WATCH VIDEO: How the Thanksgiving Turkey Ends Up at Your Table
Abraham Lincoln Spares Turkey at Christmas
A story is told that while Abraham Lincoln occupied the White House, his young son Tad grew so close to a turkey destined for Christmas dinner that he named him Jack and led him around on a leash like a pet. Listening to Tad’s pleas to spare the turkey from his culinary fate, the Great Emancipator granted a reprieve and freed the bird.
A decade later during the administration of President Ulysses S. Grant, Rhode Island poultry dealer Horace Vose began to send plump turkeys to the White House for Thanksgiving dinners. Although a staunch Republican, Vose was non-partisan when it came to turkeys. He sent birds to presidents of both parties until his death in 1913. Beginning in 1946, a pair of poultry industry groups—the National Turkey Federation and the Poultry and Egg National Board—assumed the duties of presenting presidents with turkeys for the holidays.

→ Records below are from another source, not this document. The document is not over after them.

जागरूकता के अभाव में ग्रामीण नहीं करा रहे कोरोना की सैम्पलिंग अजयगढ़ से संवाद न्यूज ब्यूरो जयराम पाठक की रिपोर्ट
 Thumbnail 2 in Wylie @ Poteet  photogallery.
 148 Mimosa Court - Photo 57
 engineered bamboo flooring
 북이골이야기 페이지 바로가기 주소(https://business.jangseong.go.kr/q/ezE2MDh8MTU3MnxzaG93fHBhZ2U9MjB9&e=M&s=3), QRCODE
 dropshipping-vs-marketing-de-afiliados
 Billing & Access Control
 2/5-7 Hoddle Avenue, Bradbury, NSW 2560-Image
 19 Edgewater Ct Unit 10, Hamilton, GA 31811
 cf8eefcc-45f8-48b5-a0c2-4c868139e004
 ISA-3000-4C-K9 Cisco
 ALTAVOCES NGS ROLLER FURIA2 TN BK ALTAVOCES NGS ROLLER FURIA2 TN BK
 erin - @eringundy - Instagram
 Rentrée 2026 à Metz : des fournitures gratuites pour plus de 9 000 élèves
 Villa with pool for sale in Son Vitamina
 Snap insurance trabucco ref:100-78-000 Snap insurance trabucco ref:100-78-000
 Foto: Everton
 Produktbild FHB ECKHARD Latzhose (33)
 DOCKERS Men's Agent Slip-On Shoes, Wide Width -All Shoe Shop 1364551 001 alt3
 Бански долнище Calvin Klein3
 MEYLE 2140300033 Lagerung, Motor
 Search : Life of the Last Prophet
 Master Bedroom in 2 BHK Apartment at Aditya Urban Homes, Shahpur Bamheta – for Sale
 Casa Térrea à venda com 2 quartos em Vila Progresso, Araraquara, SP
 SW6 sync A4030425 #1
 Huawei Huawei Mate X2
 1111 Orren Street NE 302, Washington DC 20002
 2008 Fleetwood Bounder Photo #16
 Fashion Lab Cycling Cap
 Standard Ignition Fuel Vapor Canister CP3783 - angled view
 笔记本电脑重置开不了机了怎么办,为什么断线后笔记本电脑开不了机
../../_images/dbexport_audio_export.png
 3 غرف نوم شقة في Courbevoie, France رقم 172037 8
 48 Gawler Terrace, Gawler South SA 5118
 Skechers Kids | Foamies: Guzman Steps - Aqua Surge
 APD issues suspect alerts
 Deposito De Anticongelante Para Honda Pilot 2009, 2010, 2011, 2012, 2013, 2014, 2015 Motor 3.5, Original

That year, the groups delivered a 42-pound Texas tom to President Harry Truman for Christmas.
Truman Never Pardoned a Turkey
While Truman began the ritual of appearing with the gift turkeys in staged photo ops, he is erroneously credited with starting the presidential pardon tradition. The misinformation is so prevalent that the Truman Library issued a statement stating that its staff “has found no documents, speeches, newspaper clippings, photographs, or other contemporary records in our holdings which refer to Truman pardoning a turkey that he received as a gift in 1947, or at any other time during his Presidency.”
In fact, not only did the turkeys given to Truman and some of his successors fail to receive clemency, they suffered a much different fate by ending up on the presidential dinner table. In 1948 Truman told reporters that the turkeys given to him “would come in handy” for the 25 people expected for dinner at his Independence, Missouri, home that Christmas. Ten days before Thanksgiving in 1953, National Turkey Federation president Roscoe Hill presented a live 39-pound turkey to President Dwight Eisenhower, who hoped Hill would kill, freeze and return the gobbler to the White House “in plenty of time because I hope to spend Thanksgiving with my youngsters and I want to take him along.”